Medvedeva, the reigning World junior champion, cleanly landed all of her jumps and scored a personal-best 74.58 points going into Saturday’s free skate.
“I skated the maximum that I can do,” Medvedeva said through a translator at a press conference, adding, according to the International Skating Union, “I tried to perfect what I do and it has worked, I have started to skate better and more like an adult.”
Gold, the 2014 U.S. champion in her first Grand Prix Final, doubled a planned triple flip and two-footed another jump landing. She scored 66.52 points for fifth place of six skaters.
“It wasn’t what I wanted to do here,” Gold said, according to U.S. Figure Skating. “I still feel strong going into the long program knowing that my free skate is one of the best. This wasn’t my goal.”
Wagner, a three-time U.S. champion seeking her fourth straight Grand Prix Final podium, fell on the second jump of a triple-triple combination. She tallied 60.04 points and is in last place after the short program for a second straight Grand Prix Final.
“Today was sloppy,” Wagner said, according to U.S. Figure Skating. “The great thing about the Grand Prix Final is that it’s a bonus to be here, which means it’s a bonus to be able to compete.”

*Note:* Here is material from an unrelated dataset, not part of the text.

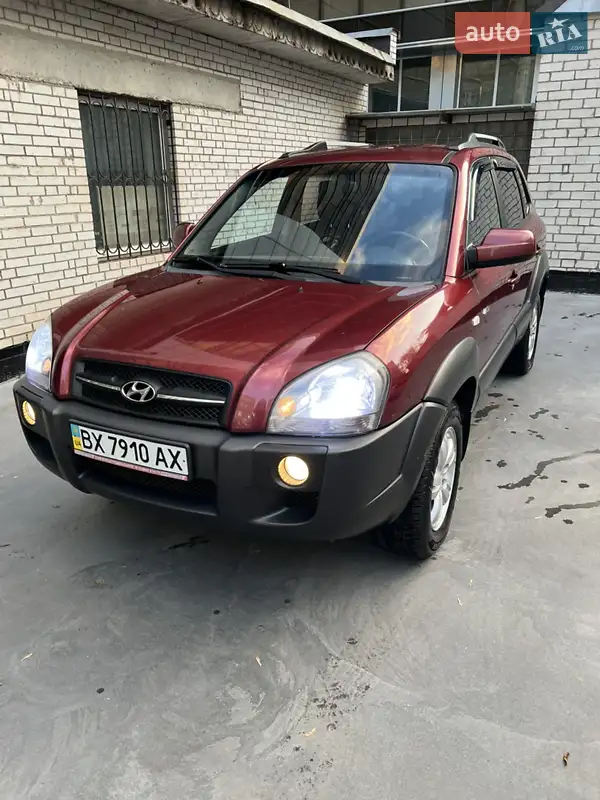 2008 hyundai tucson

Last year, Wagner improved from sixth after the short program to earn bronze at the Grand Prix Final, the most prestigious annual figure skating competition outside of the World Championships.
“I would love to be able to do something very similar to what I pulled off last year,” Wagner said. “I’m up against a very difficult field, and tomorrow is another day. I’m also getting sick of saying that tomorrow is another day.”
Japan’s Mao Asada, seeking to become the first singles skater to win five Grand Prix Finals, was in great shape until her last jump. She singled a planned triple Lutz and is in third place with 69.13 points, behind Medvedeva and another Russian, Yelena Radionova.
“I made one major mistake today, and I regret that, but overall performance I don’t think it was too bad,” Asada said through a translator at a press conference.
Icenetwork.com will provide live coverage of Saturday’s free skates (ice dance at 11:25 a.m. ET, women at 1:45 p.m., men at 3 p.m.) for subscribers. NBC will air coverage Dec. 20 from 4-6 p.m. ET.
Earlier Friday, Russian Olympic pairs silver medalists Ksenia Stolbova and Fedor Klimov recorded the second-highest pairs free skate score in the decade-old scoring system en route to gold.
They posted 154.60 points, .06 shy of the mark set by fellow Russians Tatyana Volozoshar and Maksim Trankov at 2013 Skate America.
Stolbova and Klimov, who also topped Thursday’s short program, finished 12.77 points ahead of Canadian World champions Meagan Duhamel and Eric Radford. Russians Yuko Kavaguti and Alexander Smirnov took bronze.
Alexa Scimeca and Chris Knierim, the first U.S. pair to make a Grand Prix Final since 2007, finished in last place (seventh overall) after they both fell in their free skate.
In the short dance, Canadians Kaitlyn Weaver and Andrew Poje scored 72.75 to lead by 1.11 over U.S. rivals Madison Chock and Evan Bates. They went one-two at last year’s Grand Prix Final.